Rhea: Money is going to feel very important this year because economies are struggling. But I would argue that maybe money feels important this year and economies are struggling because it's time for us to confront our relationship to money and how it's making us feel, and how our relationship to . . . not it's abundance, but it's lack is what's driving a lot of our decisions today, including who we have sex with. Regardless of an economic situation, if you're coming from a place of I need this in my account so I feel safe, you will never get to a number.
Liz: Or someone else has to provide this for me in order for me to feel safe. I mean, it's even our relationship to expecting the government to take care of us.
Rhea: Yeah. Right. Nothing will ever be enough. You're always going to look at it from a place of lack and it's not about positivity and saying, Oh, I've got this and that, so it's okay that I'm missing this and that. No. It's about asking yourself what are these things that I want because I want them, and what are these things that I want because I'm scared if I don't have them, I'm not good enough.
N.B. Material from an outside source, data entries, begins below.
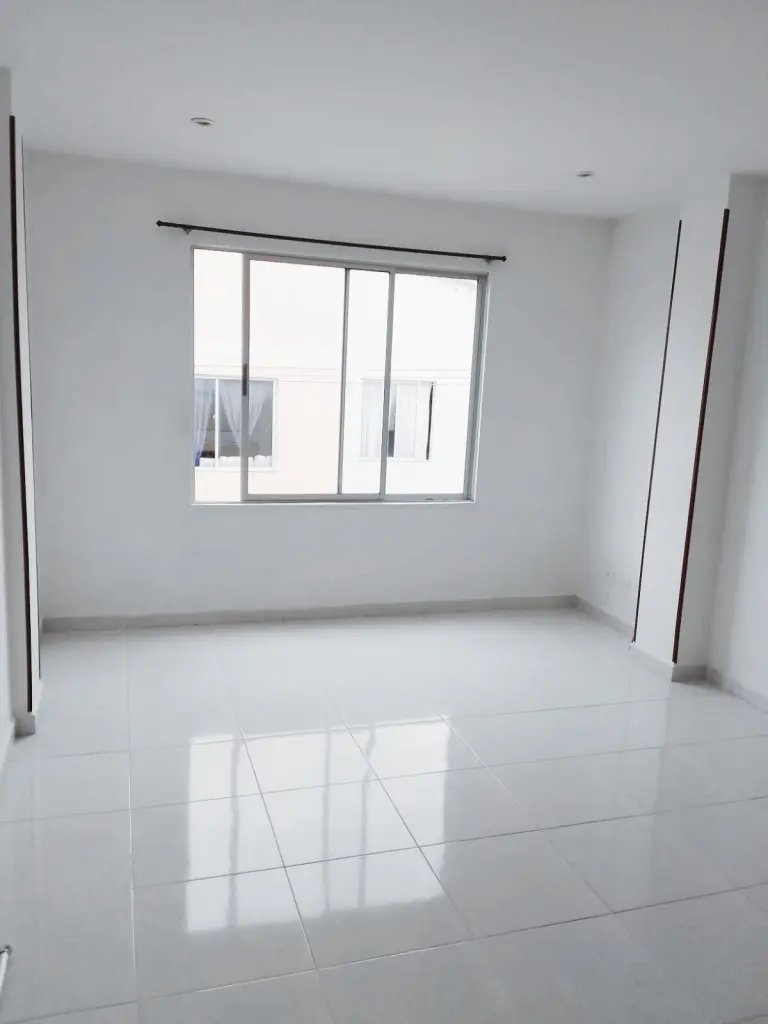 APARTAMENTO en VENTA en CONJUNTO CERRADO LOMALINDA PISO 4 SIN ASCENSOR — 5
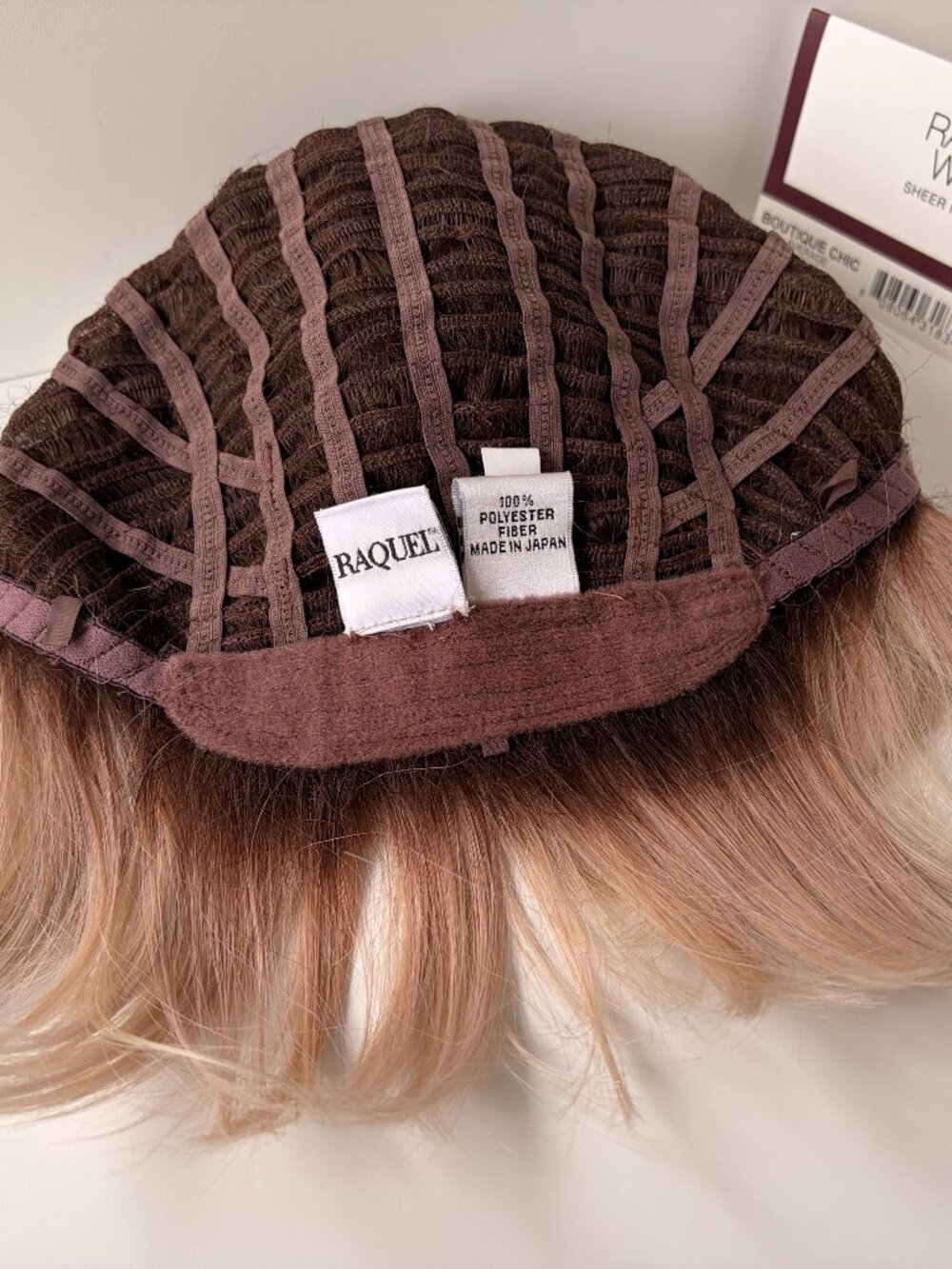 NWT Raquel Welch BOUTIQUE CHIC, RL16/22SS, LF, Avg Cap Synthetic Wig - Picture 11 of 13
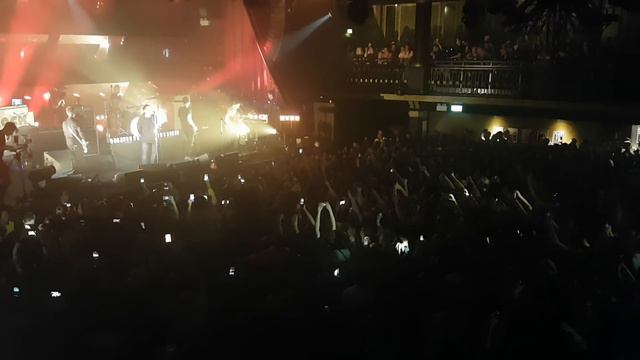 Liam Gallagher - D'You Know What I Mean (Manchester Ritz - 30/05/2017) смотреть онлайн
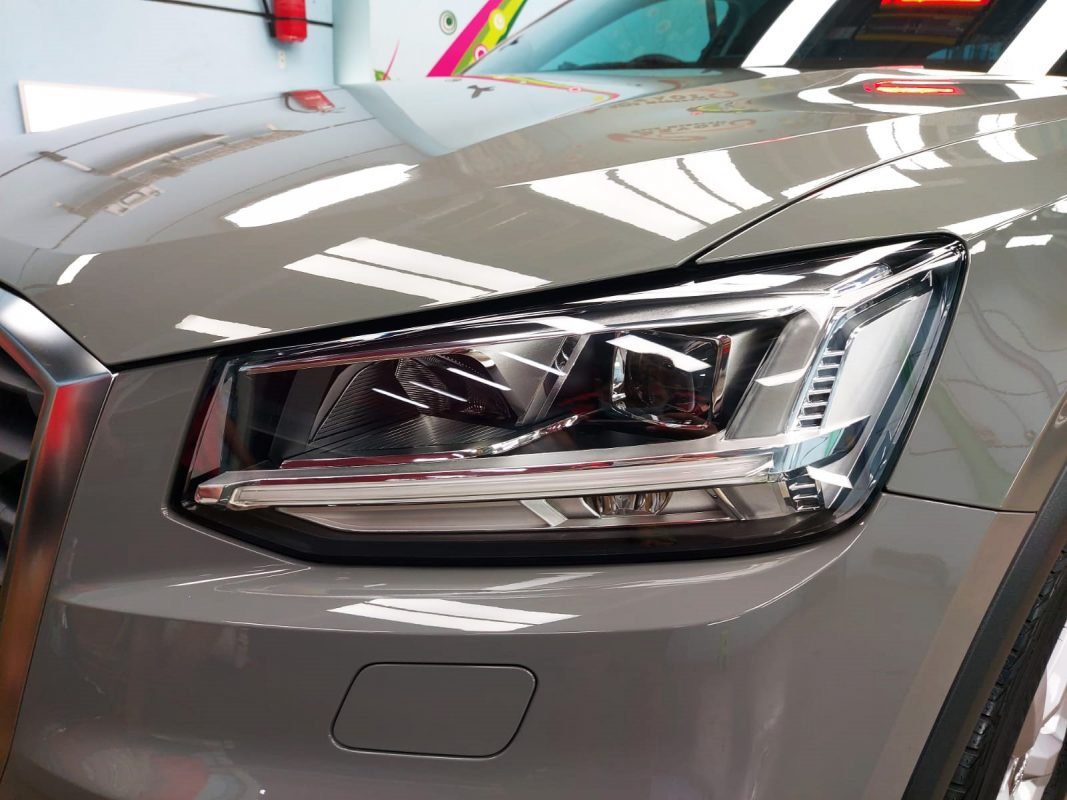 The Q2's coated paintwork showing clean reflections.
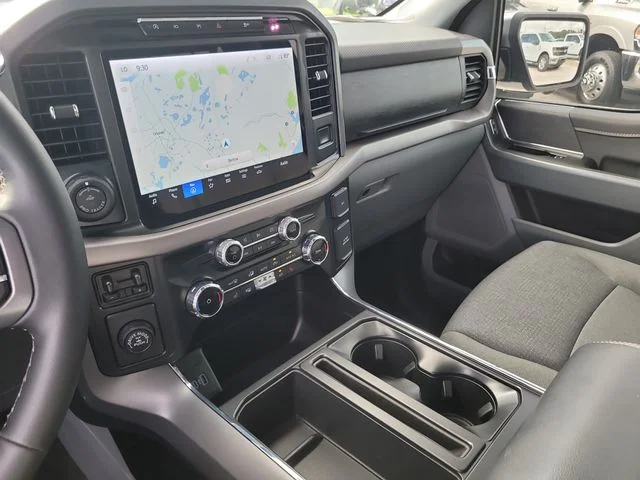 Used 2024 Silver Ford XLT image 21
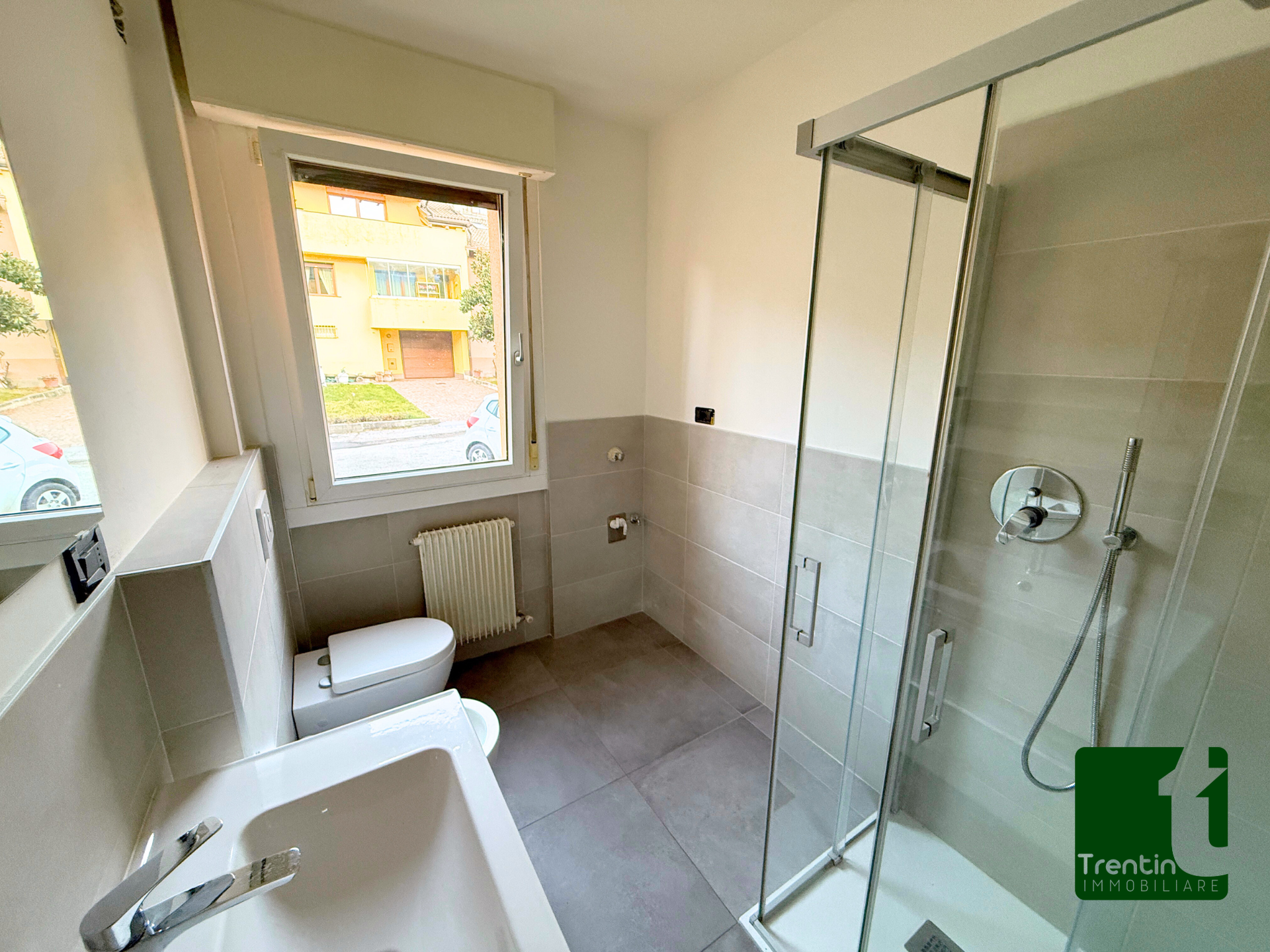 SPAZIOSO DUE STANZE CON GARAGE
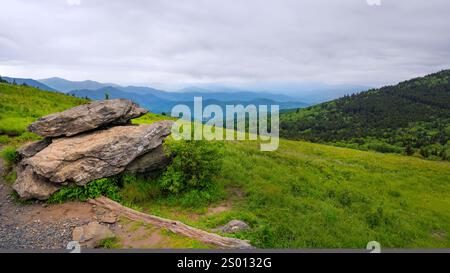 Die Large Rocks bieten ein großes Interesse an diesem Bergblick vom Appalachian Trail auf der Round bald in Tennessee-North Carolina. Stockfoto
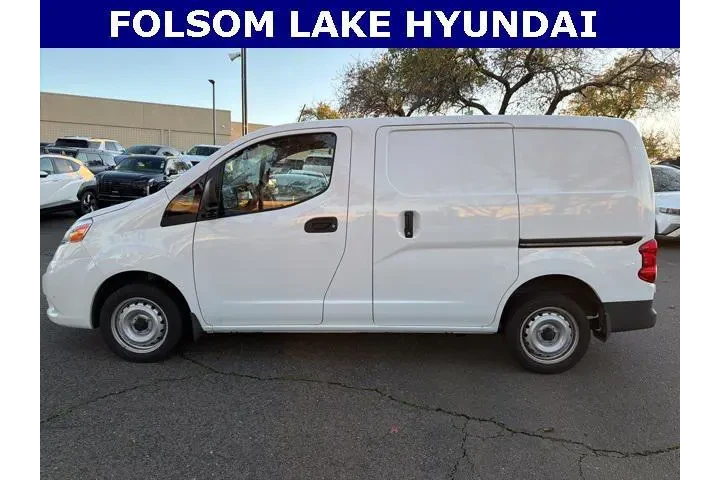$20991 : Nissan NV200 2020 S 4dr Carg image 4
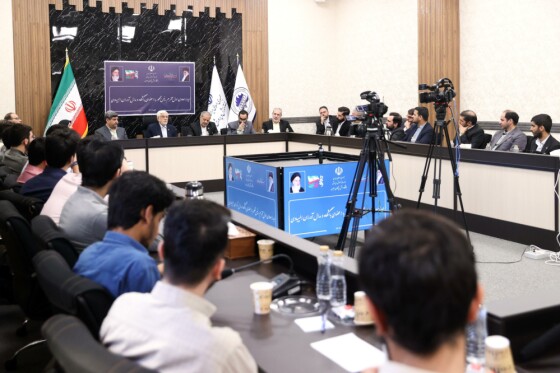 دیدار محمدرضا عارف با اعضای باشگاه دانش‌پژوهان جوان و مدال‌آوران المپیادی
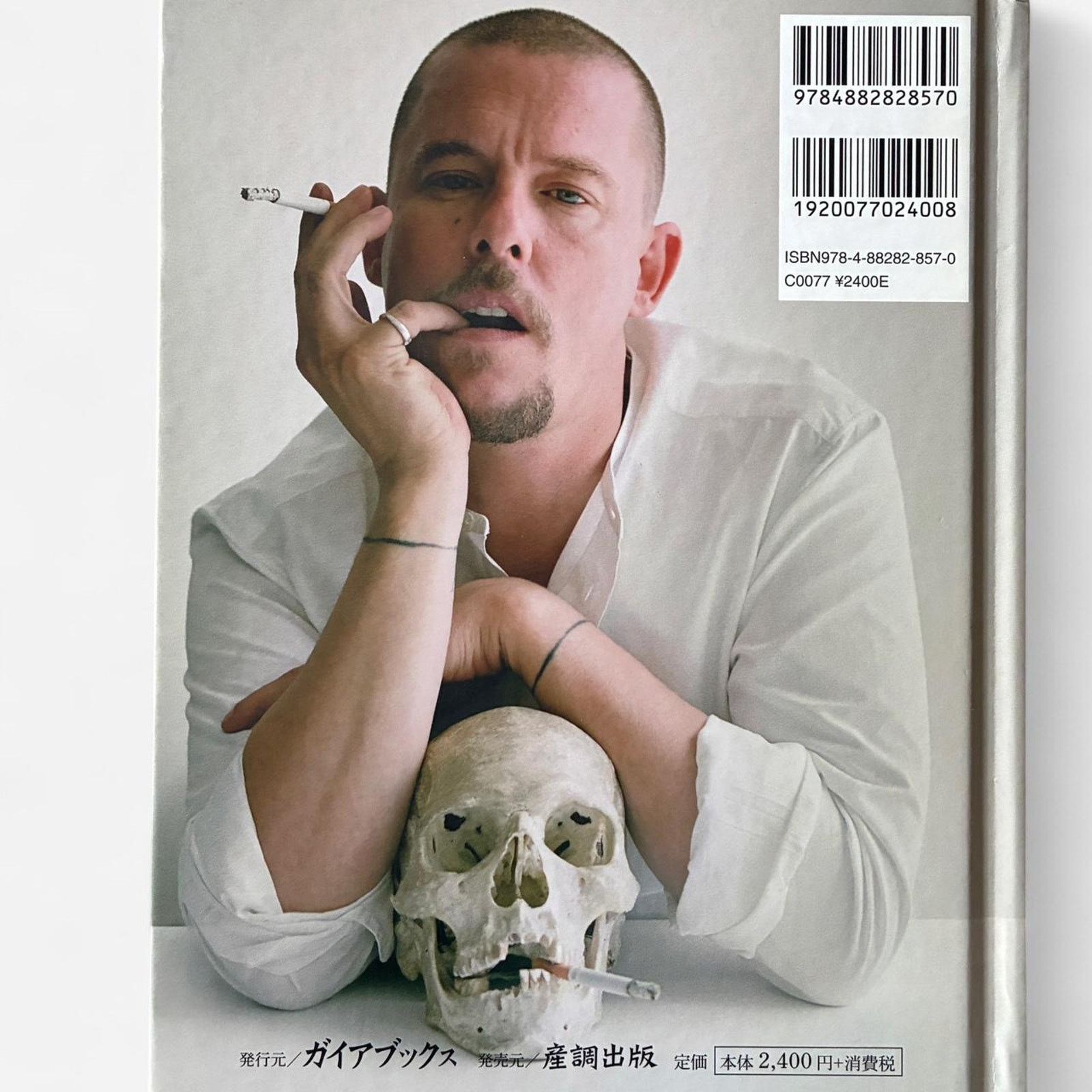 Alexander McQueen × Vintage Vogue on alexander mcqueen Published by GAIA BOOKS Size ONE SIZE - 1 Thumbnail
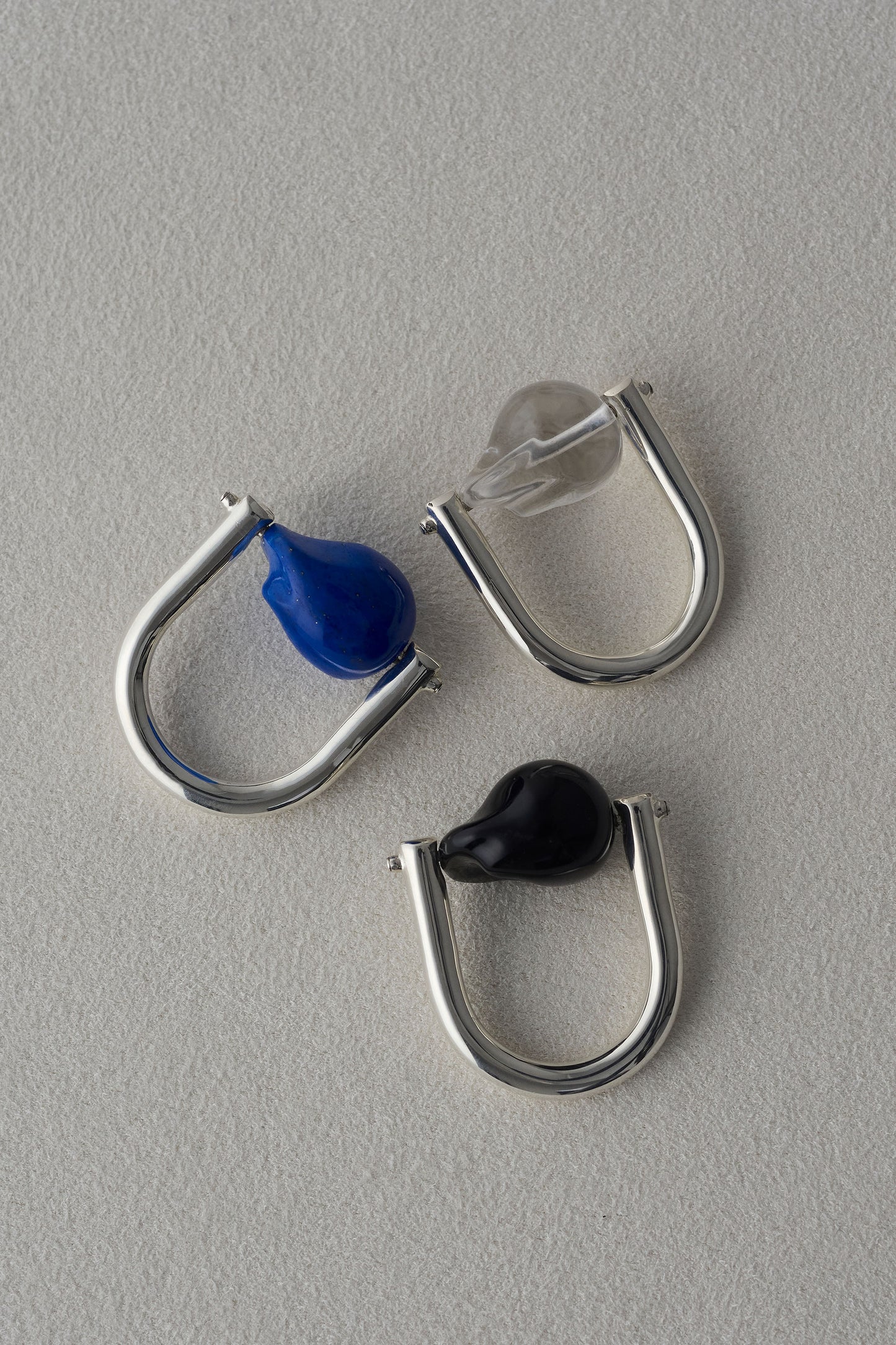 DISTORTED STONE RING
Liz: Right. The level of respect that we have for money is measured by how much we respect ourselves.
Rhea: Interesting.
Liz: And it's really important to understand that because what's happened and one thing we're having to really confront and that is going to be part of this whole story as we rebuild our lives and thus our relationship to money, is to really see how have we taken it for granted? How much have we wasted it? How much have we used money in order to assuage our insecurities? How much have we used money in order to validate us? Abundance is a given. Abundance is a very benevolent energy. It is meant for everyone. It is not something that is only for the chosen, or only for super spiritual people or people who are really smart. It has nothing to do with that. It's actually available to everyone. But we have to understand that. We have to heal our relationship to money in order to get to that point of abundance. And we can only do that when we begin to respect it, and you don't respect something when it has power over you or when you're giving your power over to it.
Rhea: So really in old 3D, money equals power or power equals money.
Liz: Yes.
Rhea: But in this kind of new 5D paradigm, that power is really coming from loving yourself and having a healed relationship to money as part of it, as well as healed relationships and other things.
Liz: Yes. Completely. We are in our own power because we know who we are and we don't allow any external things like money or position or education to define that.
Rhea: What that means is that the people you choose to date, the people who you choose to partner with, they match you to your integrity, they match you authentically by your self-love, not by your fears.
Liz: To your vibration, and you determine your vibration because you determine your worth.